Task: Repeat every record below exactly, omitting any pictures.

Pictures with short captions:
========================================

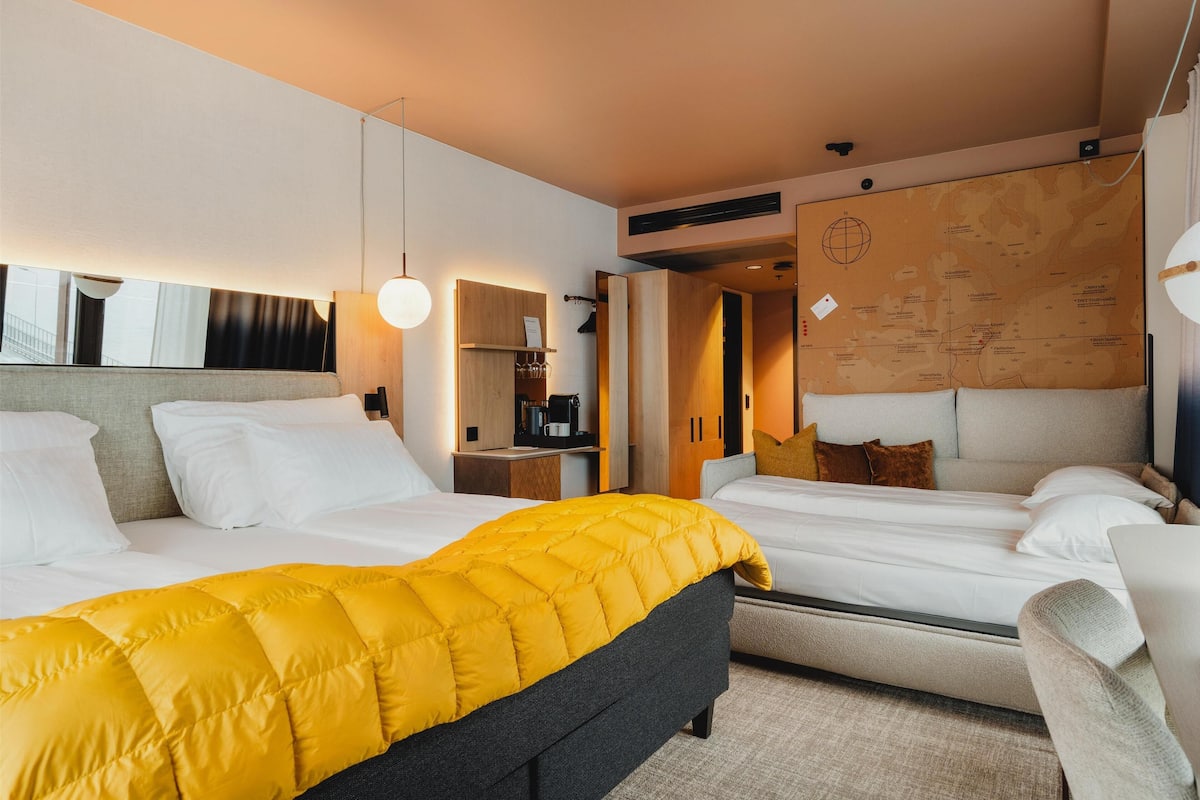 Une chambre d’hôtel avec un lit, un bureau, une chaise et une carte accrochée au mur.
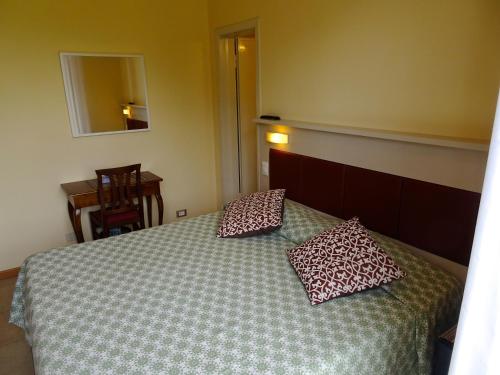 Katil atau katil-katil dalam bilik di Hotel Versilia
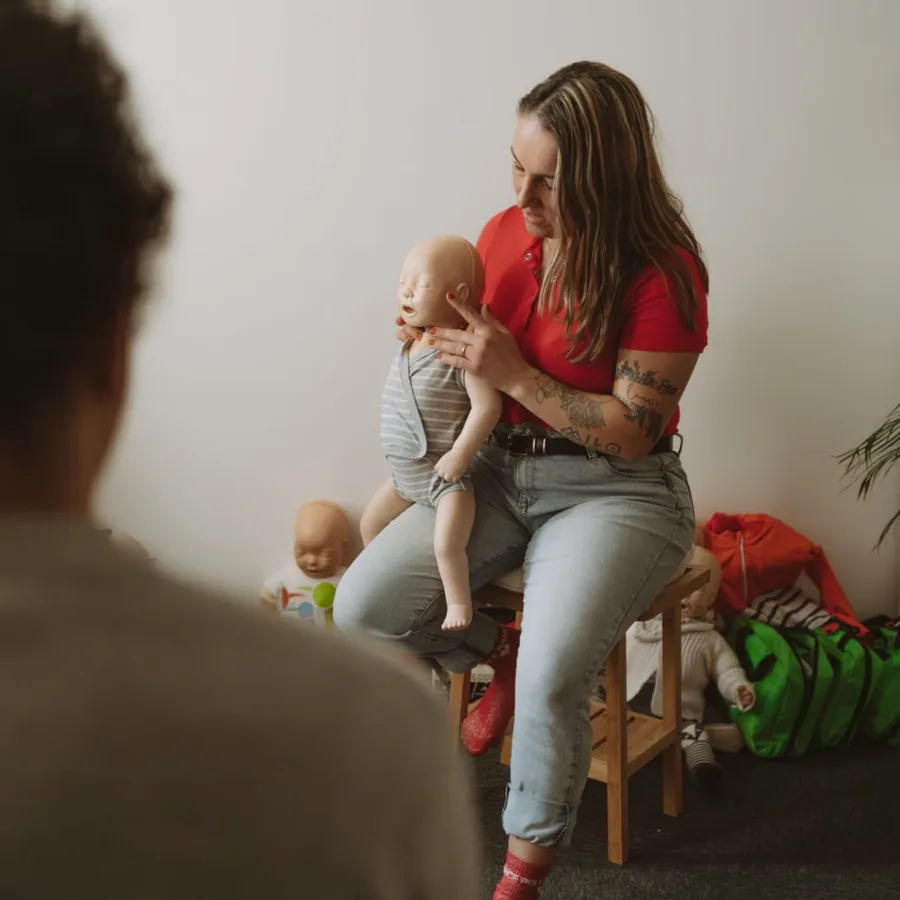 Une formatrice Famille de Sauveteurs montre à des parents comment tenir un nourrisson, sur un mannequin de secourisme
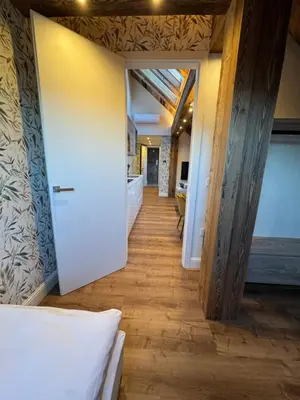 a hallway leading to a room with a ceiling at Vila Urbana Luxury Apartments in Lesce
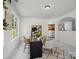 Bright office area with marble floors and view of kitchen at 10032 Montrose Nw Dr, Charlotte, NC 28269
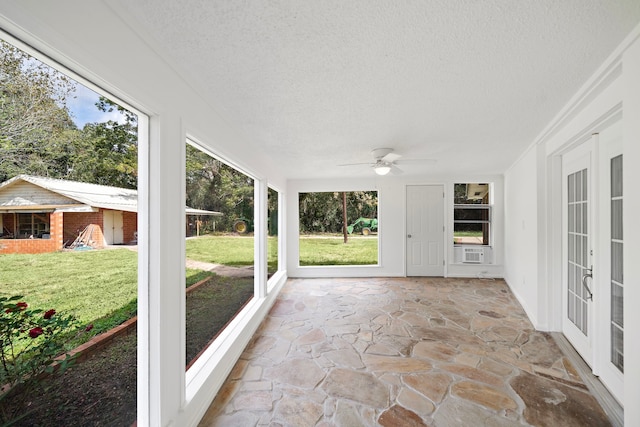 unfurnished sunroom featuring ceiling fan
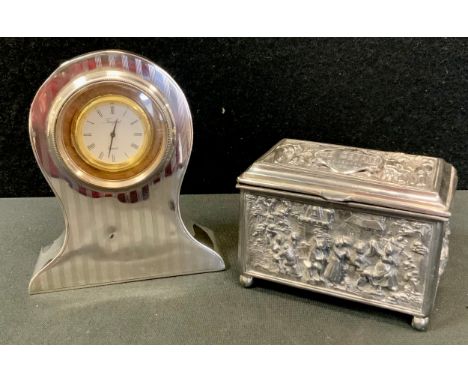 A silver cased dressing table timepiece, engine turned stripped case, Birmingham 1920;  plated casket box (2)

========================================

Answer:
 Une chambre d’hôtel avec un lit, un bureau, une chaise et une carte accrochée au mur.
 Katil atau katil-katil dalam bilik di Hotel Versilia
 Une formatrice Famille de Sauveteurs montre à des parents comment tenir un nourrisson, sur un mannequin de secourisme
 a hallway leading to a room with a ceiling at Vila Urbana Luxury Apartments in Lesce
 Bright office area with marble floors and view of kitchen at 10032 Montrose Nw Dr, Charlotte, NC 28269
 unfurnished sunroom featuring ceiling fan
 A silver cased dressing table timepiece, engine turned stripped case, Birmingham 1920;  plated casket box (2)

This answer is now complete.